Les voyageurs ne sont plus ce qu’ils étaient. Désireux de sortir de leur rôle de simples spectateurs en pays étranger, plusieurs cherchent des façons nouvelles et plus satisfaisantes de s’immerger dans les cultures locales. Le tourisme créatif s’inscrit fortement dans cette tendance du « voyager autrement ». Explications.

QU’EST-CE QUE LE TOURISME CRÉATIF ?

La formule est apparue au début des années 2000. Elle désigne cette forme spécialisée de tourisme qui permet aux voyageurs de développer leur créativité à travers une expérience d’apprentissage concrète. On peut penser à des cours de peinture, de cuisine, de couture (mais aussi de design paysager, de maroquinerie ou d’origami) offerts par la population locale, pendant lesquels le voyageur joue un rôle actif pour créer un objet ou apprendre une technique particulière.

Certains ateliers durent quelques heures, d’autres peuvent s’étendre sur des semaines. Plusieurs s’adressent aux néophytes, d’autres sont destinés aux initiés. L’essentiel est que le participant mette la main à la pâte et que l’activité proposée ait des racines dans la culture locale.

C’EST NOUVEAU ?

Pas du tout ! Le tourisme créatif a toujours existé. Ce n’est pas d’hier que des voyageurs participent à une activité artistique ou créative sur leur lieu de séjour.

« C’est toutefois resté longtemps l’apanage de quelques romantiques », considère Caroline Couret, directrice du Réseau de tourisme créatif (Creative Tourism Network), créé en 2010 à Barcelone. « Les activités étaient là, mais difficiles à trouver. Il fallait connaître un ami, ou l’ami d’un ami, sur place… »

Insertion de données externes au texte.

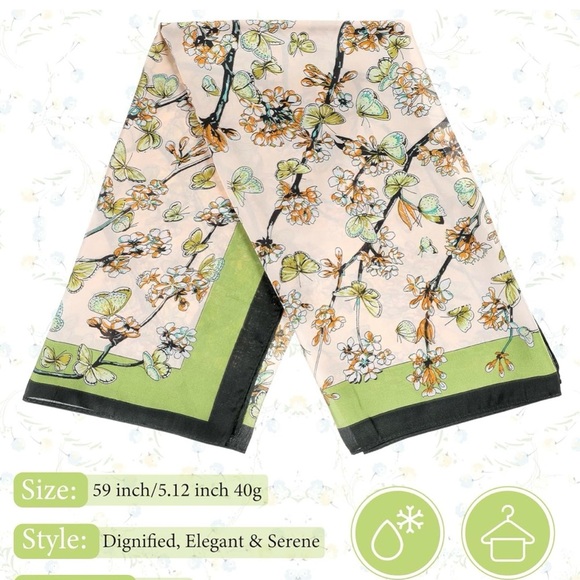 Floral and Butterfly Print Scarf - Picture 4 of 4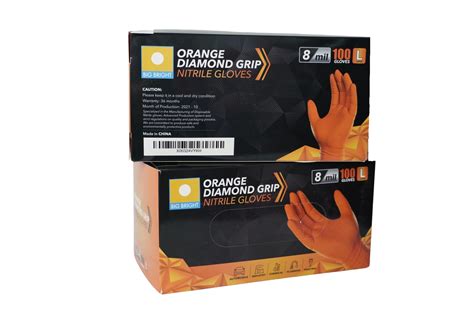 Big Bright Orange Diamond Grip Nitrile Gloves 8 Mil X Large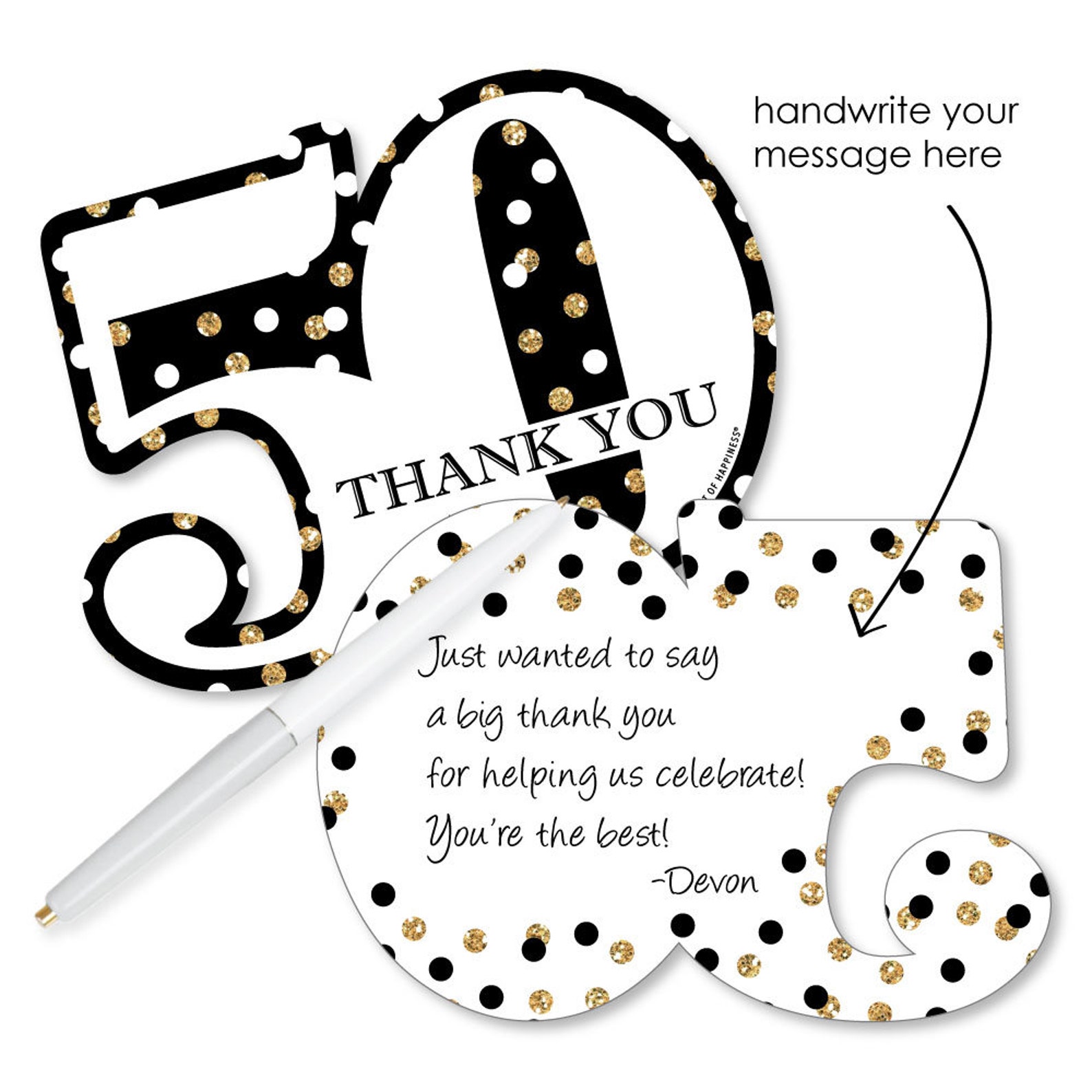Adult 50th Birthday Gold Shaped Thank You Cards Birthday - Etsy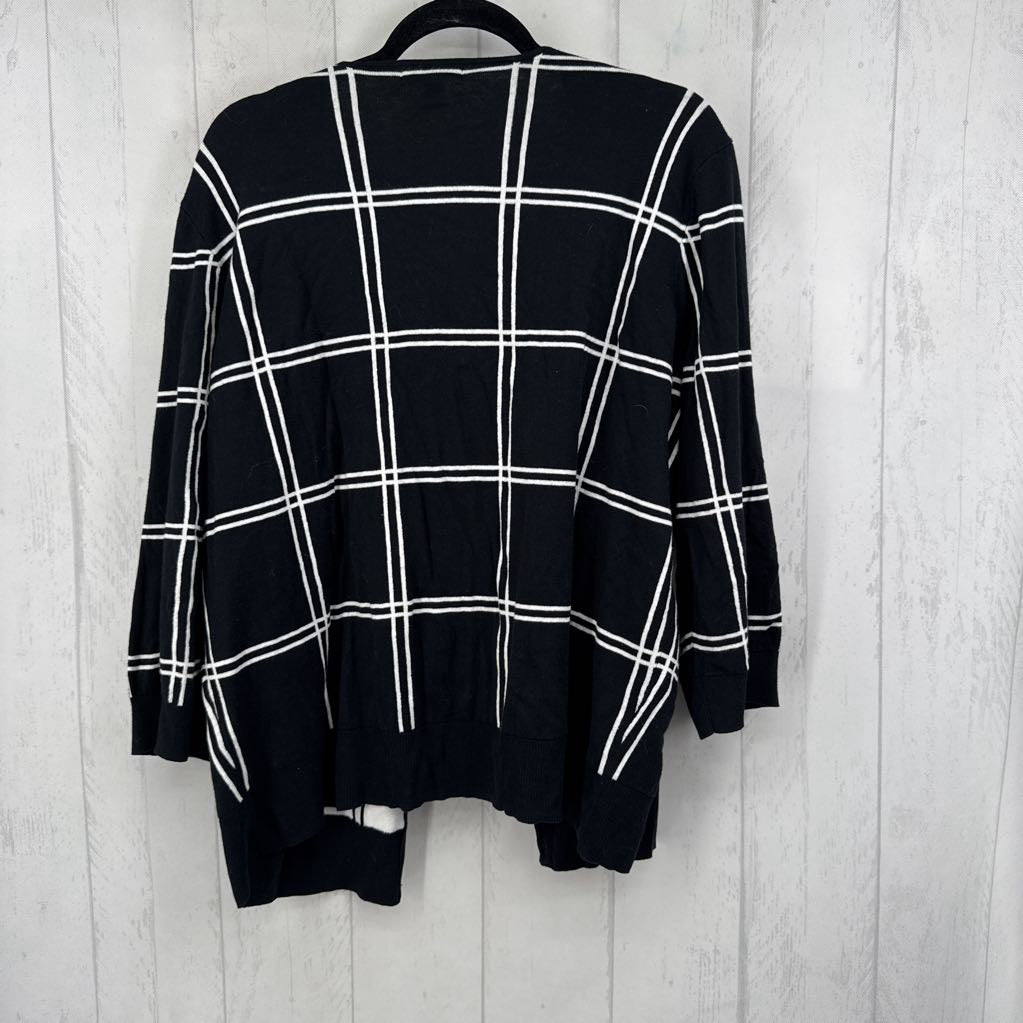 R75 2X checkered button down 3/4 slv cardi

Aujourd’hui, le tourisme créatif commence à s’organiser à l’échelle internationale. Ainsi, le Réseau de tourisme créatif recense sur son site plusieurs dizaines d’activités offertes à travers le monde : Portugal, Espagne, France, Autriche, Brésil, Canada…

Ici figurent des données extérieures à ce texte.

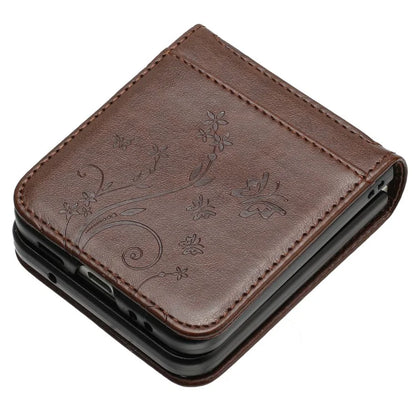 For Motorola Razr 40 5G Case Flower Imprint Leather Phone Cover with Card Holder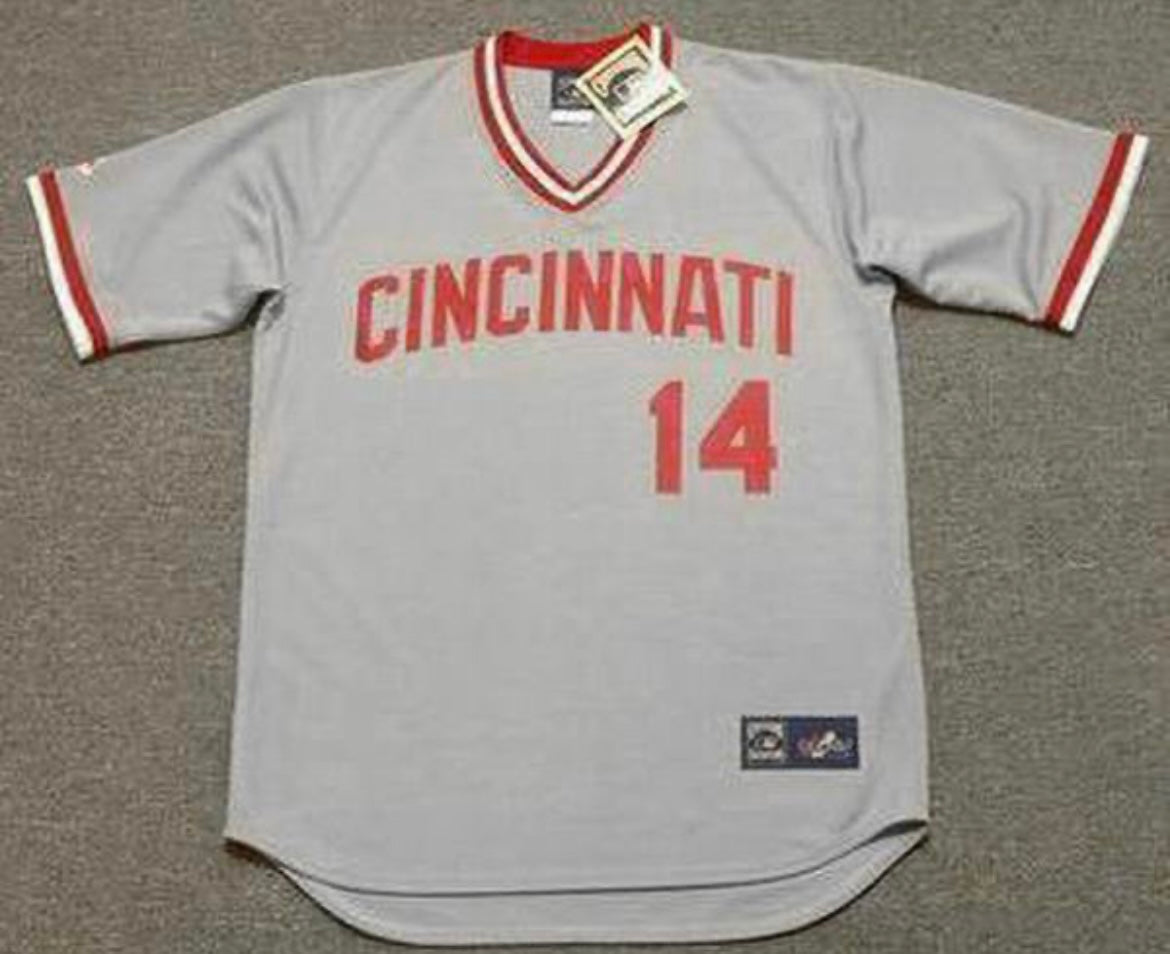 Pete Rose YOUTH KIDS Cincinnati Reds Official MLB Majestic Jersey Gray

« Les touristes qui souhaitent vivre une expérience de tourisme créatif peuvent désormais trouver des offres adaptées, avec une garantie professionnelle. »

— Caroline Couret

Chaque destination se charge du développement, de l’authenticité et du contrôle de la qualité des projets proposés.

Ainsi, en Islande, où le tourisme créatif est en vogue avec plus d’une dizaine d’ateliers offerts, Nicolas Barreiro, fondateur de Creative Iceland, se charge lui-même de recruter de nouveaux artisans prêts à partager leur savoir-faire avec les voyageurs. « Je m’assure ensuite que les activités respectent nos standards de qualité. »

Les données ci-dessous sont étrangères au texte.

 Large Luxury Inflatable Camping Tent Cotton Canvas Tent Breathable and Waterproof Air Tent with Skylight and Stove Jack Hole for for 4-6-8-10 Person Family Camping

UN GUICHET UNIQUE POUR LE MONDE ENTIER ?

Plusieurs destinations n’ont toutefois pas encore adhéré à ce réseau international et un touriste qui souhaite visiter la Chine, l’Inde ou l’Afrique du Sud ne trouvera rien sur le site pour ajouter une plus-value à son séjour. Ce qui ne signifie pas que l’offre est nulle. Comme M. Jourdain qui faisait de la prose sans le savoir, plusieurs pays pratiquent le tourisme créatif sans forcément être au courant. Ni publiciser leur offre.

En effet, des centaines d’activités intéressantes, offertes aux quatre coins du globe, n’ont pas encore trouvé le chemin vers cette plateforme centralisée. Le voyageur doit donc multiplier les recherches pour dégoter l’atelier rêvé.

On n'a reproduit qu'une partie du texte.